Rubens Barrichello thinks it is vital that Williams gets an understanding of why this year's car did not perform if it is to ensure that its 2012 challenger is a big step forward.
With Williams enduring its worst ever season in F1, Barrichello thinks the target for the remainder of the campaign is not in improving the current car but in getting to grips on what went wrong last winter.
"The car was born bad and there is no way of turning that back," said Barrichello.
"There are ways of massaging and improving it - but the most important thing is not to improve this car, it is to understand what went wrong and to make the next one better. Otherwise, the next one will be born the same way. It needs addressing.
"There are two or three causes of the problem, and that is what makes it an unknown situation. With a different engine and a different guy building it, the car will have a different characteristic anyway. But if they solve the problems of this year in full, the chances of building a much better car next year are greater."

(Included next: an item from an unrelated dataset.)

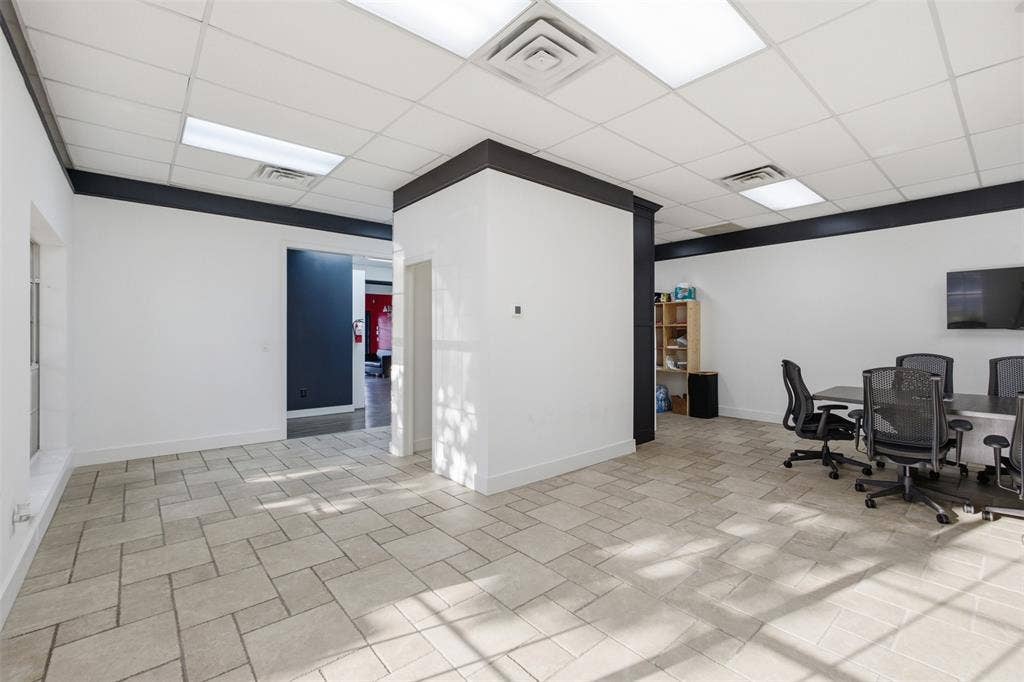 5805 Coit Road, #103, Plano, TX 75093 5805 Coit Road, #103, Plano, TX 75093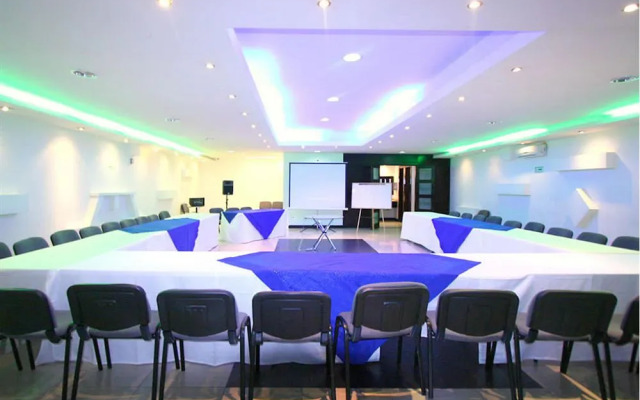 Ayenda 1014 Corferias Bogota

When asked if one of the biggest problems this year has been the inconsistency of the downforce, Barrichello said: "It is more than that. We have been having problems with the quality of parts, because one day the car could be okay, and the other car with the same wing will not perform in the same way. So we need to address that as well."

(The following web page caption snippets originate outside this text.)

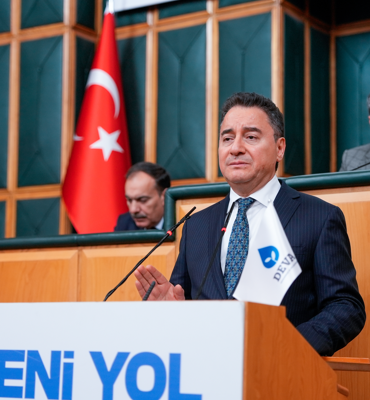 Babacan: Türkiye fakirliğe, adaletsizliğe teslim olacak bir ülke değildir
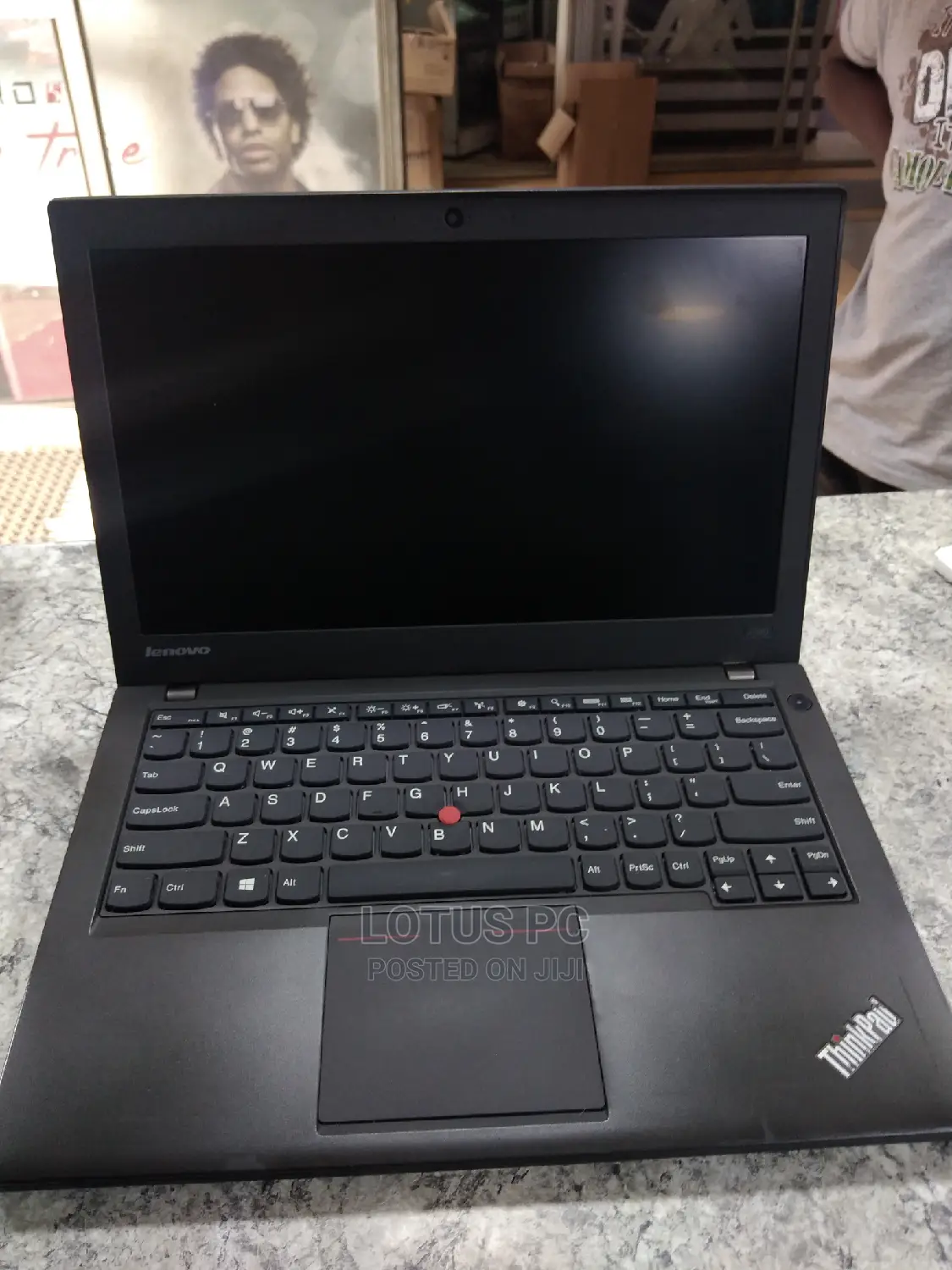 Laptop Lenovo ThinkPad X240 4GB Intel Core I5 HDD 500GB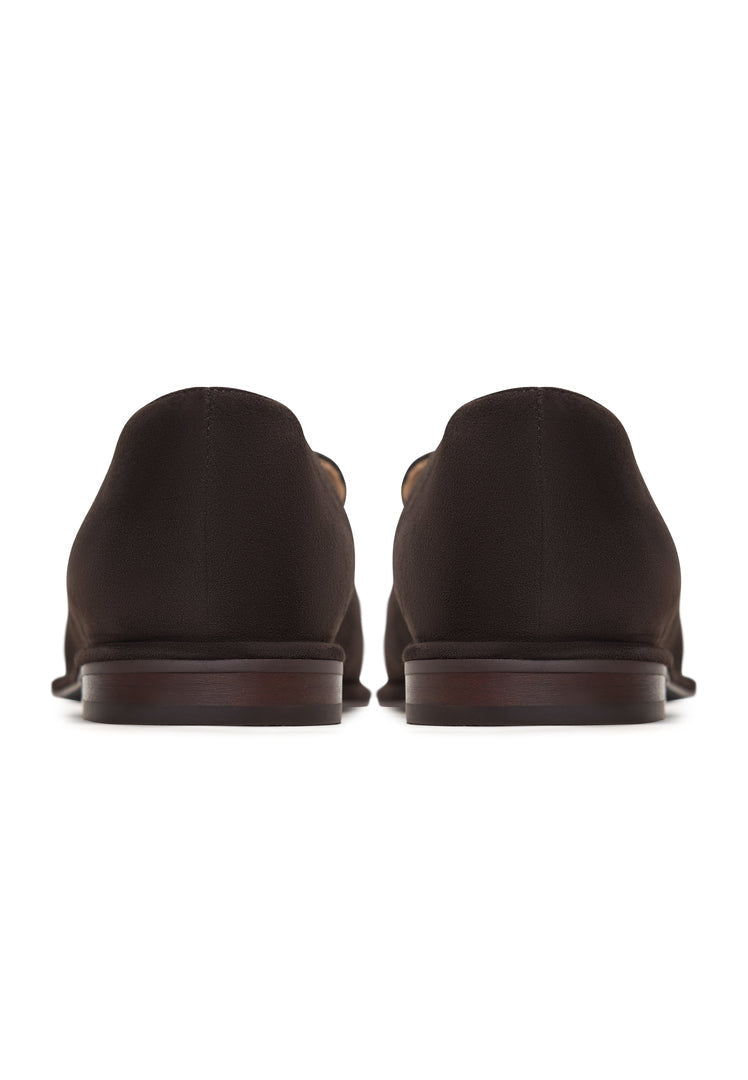Stylish and comfortable brown suede Clau loafers with a platform design.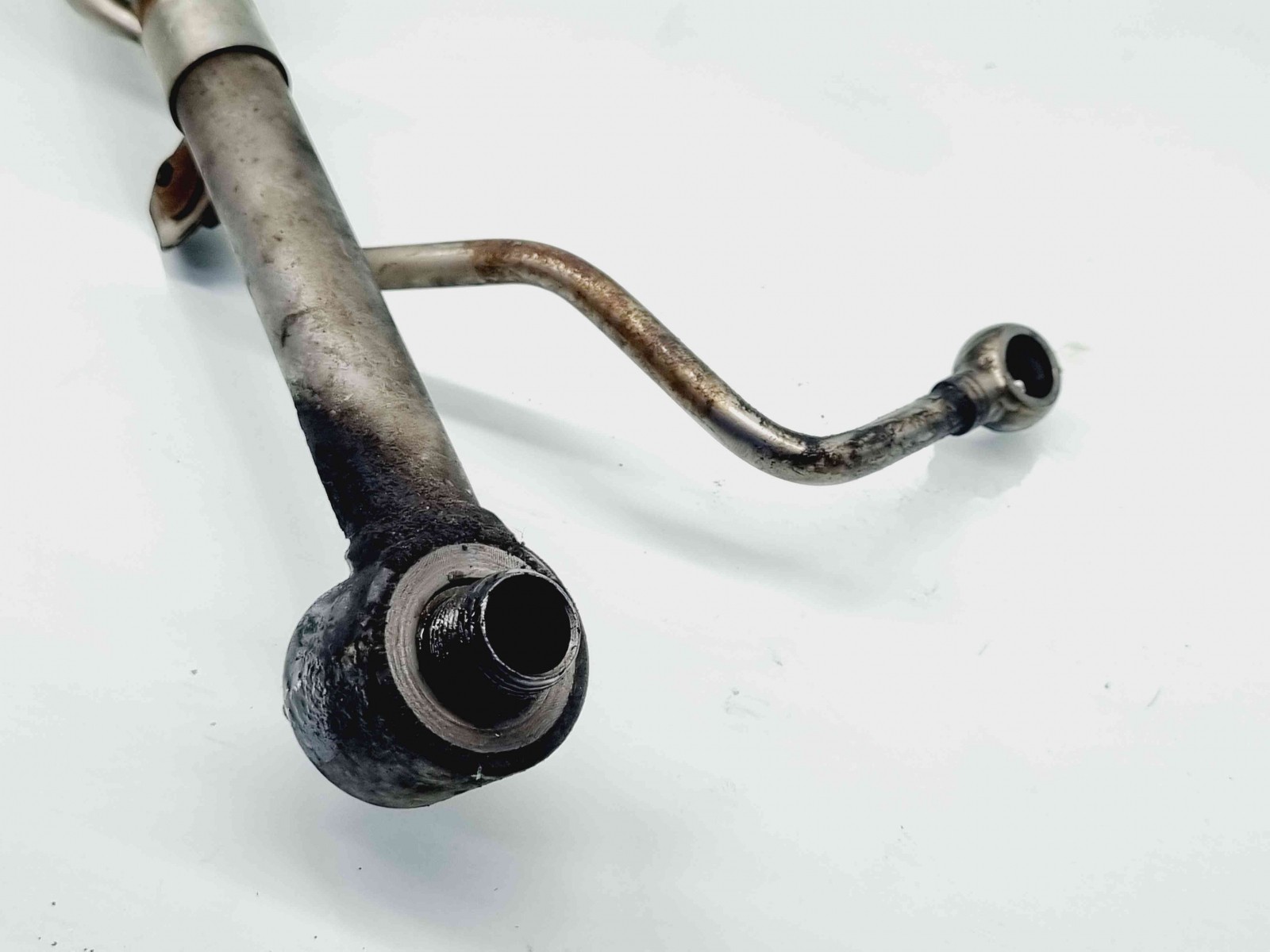 Conducta ulei Audi Q3 (8UB) [Fabr 2011-2018] 03L145736D 2.0 TDI CFFB 103KW / 140CP 2.0 TDI CFFB 103KW / 140CP - imagine 3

Barrichello is encouraged that the arrival of new chief operations engineer Mark Gillan is helping matters - and think communication between factory and track is being improved.
"The whole situation of Mark is for the communication to be fully addressed back to the factory," he explained.
"F1 is such a difficult business. You could say that I had a good car, but I am in Japan, it gets to England and it is like, 'Rubens sort of said he had a good car' but the phrase could get longer or shorter. It is never straight to the point. And that is the thing that is so difficult to address.
"So to have Mark as a brand new guy, actually addressing the problems to Jason [Somerville] and Mike [Coughlan], back at the factory, that is a good thing."